Designer Profile: Michael Kors

September 2, 2008

He’s a designer that needs no introduction. His fashions have been talked about for nearly three decades and he’s continuing to define iconic styles. It’s Mr. Michael Kors.

Made a household name in the mouths of those on 5th Avenue and the Champs Elysee, Kors‘ judging role on Project Runway made himself not just a name, but a personality. Recently profiled in the New York Times, Kors discusses how his fashions display an infatuation with the traditionalism of the Eastern Seaboard haute bourgeoisie.

What I personally think is best about Kors‘ designs are his eye for sophistication and ability to tailor clothes so his clients look polished and prosperous but hip at the very same time. (I’m a huge fan of his handbags, sunglasses, and shoes.
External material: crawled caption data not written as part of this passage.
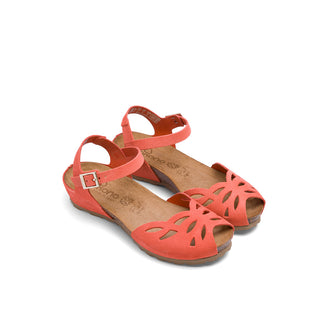 Coral Leather Flat Sandals with Peep Toe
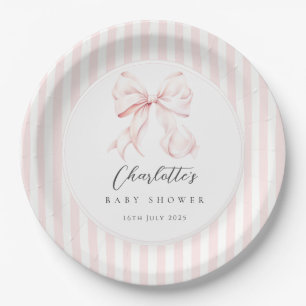 Elegante Roze Strik Baby Borrel Papieren Bordje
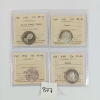 LOT OF 4 - CDN 25 CENT PCS - INCL 1954 & 1963 - ICCS GRADED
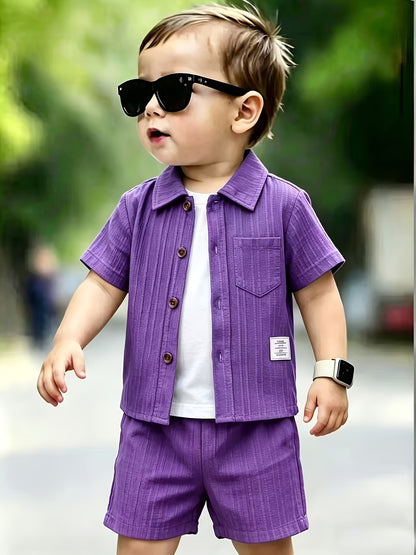Baby Boy Summer Shorts Set with Short Sleeve Shirt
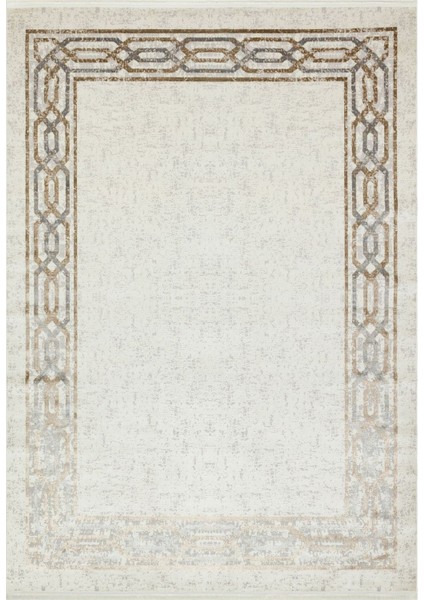 Springfield Bej Çerçeveli Polyester Makine Halısı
Someday I hope I can be a huge fan of the more pricey pieces including sleek skirts and sweet, but sexy dresses!)

The full profile can be found here, but here’s a sneak peek at only a small part of Korsfabulousness revealed in the article:

“His knack for catering to clients’ fantasies — and his mounting visibility — have combined to transform his once modest business into a fashion brand with more than $600 million in wholesale revenues and 60 stores.

As fall approaches, his image and imprint seem to be everywhere. The models in his new advertising campaign look icily confident wearing Mr. Kors’s cat spots and mink. His spring 2009 collection, inspired by ’50s Portofino and ’60s Malibu, will be unveiled in its usual Wednesday morning slot during New York Fashion Week next month, on Sept. 10. Later in the month, he will make a cameo appearance as himself in “Gossip Girl,” playing to the children and grandchildren of the women who discovered his sporty brand of glamour in the early 1980s.
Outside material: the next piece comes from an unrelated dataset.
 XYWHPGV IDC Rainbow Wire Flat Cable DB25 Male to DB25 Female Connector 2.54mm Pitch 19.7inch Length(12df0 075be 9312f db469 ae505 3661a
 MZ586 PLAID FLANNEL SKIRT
A source close to the Kors company said that the designer’s “Project Runway” fame has translated into 5 percent of the company’s gross. “No question it helps that Michael is a media star,” said John Idol, the chief executive of the Kors company, declining to confirm an exact figure attributable to the show. “Project Runway has had a major positive effect on our business.”

Once chiefly a clothing brand, the line now includes handbags, shoes and other accessories (accounting for 85 percent of sales). In addition to the top-tier designer collection, priced from about $700 for a sweater to around $3,000 for a cocktail dress, there are two lower-priced women’s lines, Michael Michael Kors and Kors Michael Kors (shoes and coats), and a men’s wear label.

The lines, sold in department stores including Nordstrom, Lord & Taylor and Neiman Marcus, are also found at 31 free-standing Michael Kors “lifestyle” shops. An additional 70 of those stores, which sell both his high-end and secondary lines, are planned over the next three years.. Next year the company plans to increase its advertising budget by 15 to 20 percent.”